#### Saved data entries
↓

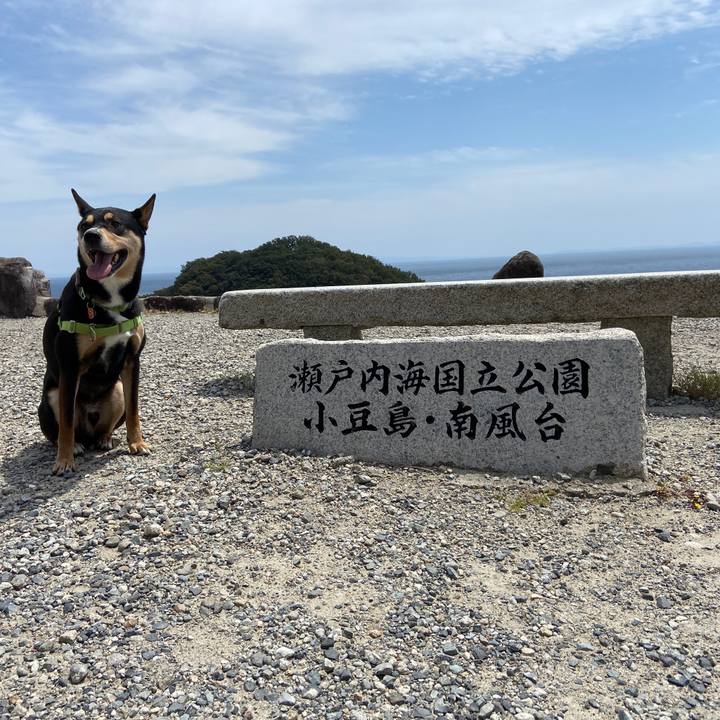 3d966dca e38d 44ac 85e5 d3871fb7a63b 1619264186815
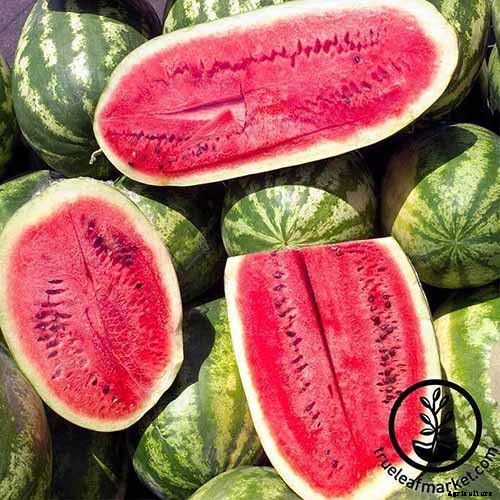 25 of the Sweetest, Juiciest Watermelon Varieties You Can Grow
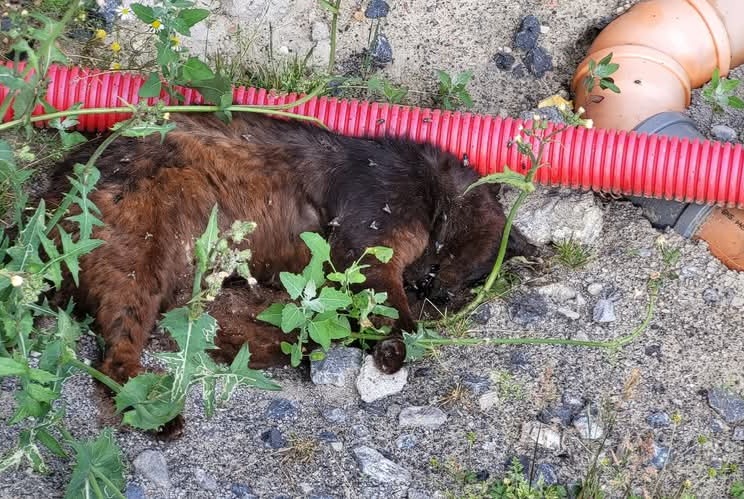 Alerte Découverte Chat Inconnu , 2 ans Fontaine-l'Évêque Belgique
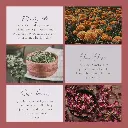 Botanical Simmer Bath Tea 4.webp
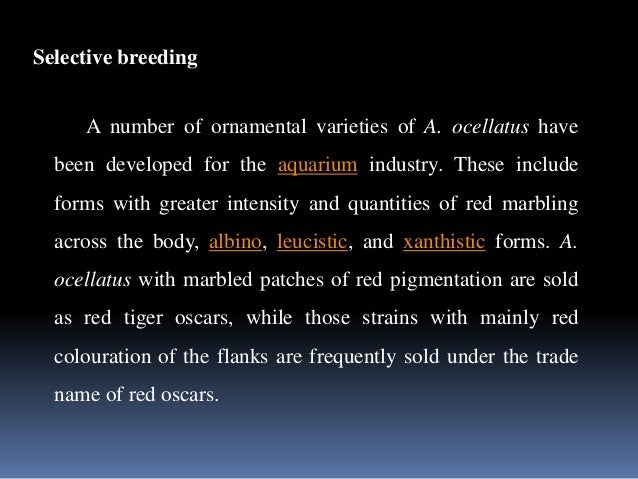 Oscar Fish and Other Common Cichlids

↑

#### Exercise instructions
Beginning with the line that contains "25 of the Sweetest, Juiciest", print exactly every line through the end of the records, both included. Omit the pictures.

#### Answer to the exercise
 25 of the Sweetest, Juiciest Watermelon Varieties You Can Grow
 Alerte Découverte Chat Inconnu , 2 ans Fontaine-l'Évêque Belgique
 Botanical Simmer Bath Tea 4.webp
 Oscar Fish and Other Common Cichlids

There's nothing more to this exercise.